1) They understand what they are doing
Herding a botnet isn’t easy these days. The people doing it understand that it is decidedly illegal to run malicious software on computers that are owned by others. They are professionals; where there’s money, there is dedicated will. Over the years, we have observed that the business of malware has gone from creating nuisance software (almost accidental attacks) to stealthy, sophisticated networks of compromised systems.
2) Criminal business is business
This concept is one that every tech-savvy person understands. Every one of us were young and full of game-changing ideas (at least we thought so). It may be that where a talented tech lands has more to do with opportunity and environment than some sort of moral compass.
Talented coders code to make compelling, advanced, things. They demonstrate, and advance, their skill by getting jobs done – the immediate jobs. Whichever side of the security divide (to abuse a phrase) you are on, you will recognize that there are common goals – deliver quality code that gets the job done.
The people in-charge of the wider strategy of the scheme clearly are criminals who take advantage of technical talent. They are in the business of crime.
There are many factors - geography, talent, relationships, timing and luck – that factor into opportunity. Consider that all of us, at some point, did the equivalent of holding a sign that read, “Have talent - will use it for money”.
3) Accept that ‘good’ and ‘bad’ are technology
There are two cutting-edges; those who defend, and those who attack. While we all enjoy labelling the things people do as “good” or “bad”, it does get convoluted in technology.
A brilliant idea is a brilliant idea. Though I have spent my entire career helping organizations secure stuff, I recognize the creativity - and sometimes surprising creativity -of people on the ‘other side’.
Consider that every technology idea that advances security is potentially a weapon for attackers. So it is also that every method of attack is another chance for security to advance. In a way, it’s about advancing technology in increments, some of which are designed to profit criminals, and some for governments, or security firms, but they are all advances.
The latest and most interesting, attack mechanisms are opportunities for organizations and security firms to learn. Root kits prodded people to think about ring-0 (also known as root/kernel).
The talent that drives security, in a strange way, works with the talent that drives attacks. It is tempting to call it a race or a game, but the temptation evaporates when people find empty bank accounts, or max’ed-out credit cards.
4) Owning endpoints is only the first step
From the perspective of a botnet herder, the world is full of possibilities:
• Code injection, memory trickeries, privilege escalation – tried and true.
• Finding a buffer overflow in a process has been achieved many times, yet it will be done many more times.
• Getting end-users to run an attachment is proven time and time again.

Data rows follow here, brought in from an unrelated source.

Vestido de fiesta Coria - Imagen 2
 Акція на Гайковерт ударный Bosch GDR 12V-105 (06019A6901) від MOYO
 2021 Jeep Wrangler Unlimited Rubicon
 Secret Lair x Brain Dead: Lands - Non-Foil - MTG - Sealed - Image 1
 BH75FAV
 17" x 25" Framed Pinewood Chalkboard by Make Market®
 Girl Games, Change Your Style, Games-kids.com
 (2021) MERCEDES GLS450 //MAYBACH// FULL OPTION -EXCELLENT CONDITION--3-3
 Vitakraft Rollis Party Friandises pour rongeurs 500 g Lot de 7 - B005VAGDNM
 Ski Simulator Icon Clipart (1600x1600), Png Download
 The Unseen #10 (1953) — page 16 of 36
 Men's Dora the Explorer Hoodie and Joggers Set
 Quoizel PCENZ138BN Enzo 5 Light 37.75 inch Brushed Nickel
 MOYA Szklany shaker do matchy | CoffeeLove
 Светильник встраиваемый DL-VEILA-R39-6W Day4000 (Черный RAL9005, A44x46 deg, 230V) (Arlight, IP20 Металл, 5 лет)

No matter where you live on this planet (for the most part), this activity is illegal. Maintaining control, via an anonymous channel, of the compromised endpoints is key. If law enforcement or security companies can trace activity to the person or group responsible for compromising systems, things will likely not go well for the botnet herders. In some cases, there can be criminal charges.
In other cases, control of the botnet is compromised, and the botnet herder finds their means to generate revenue equally compromised.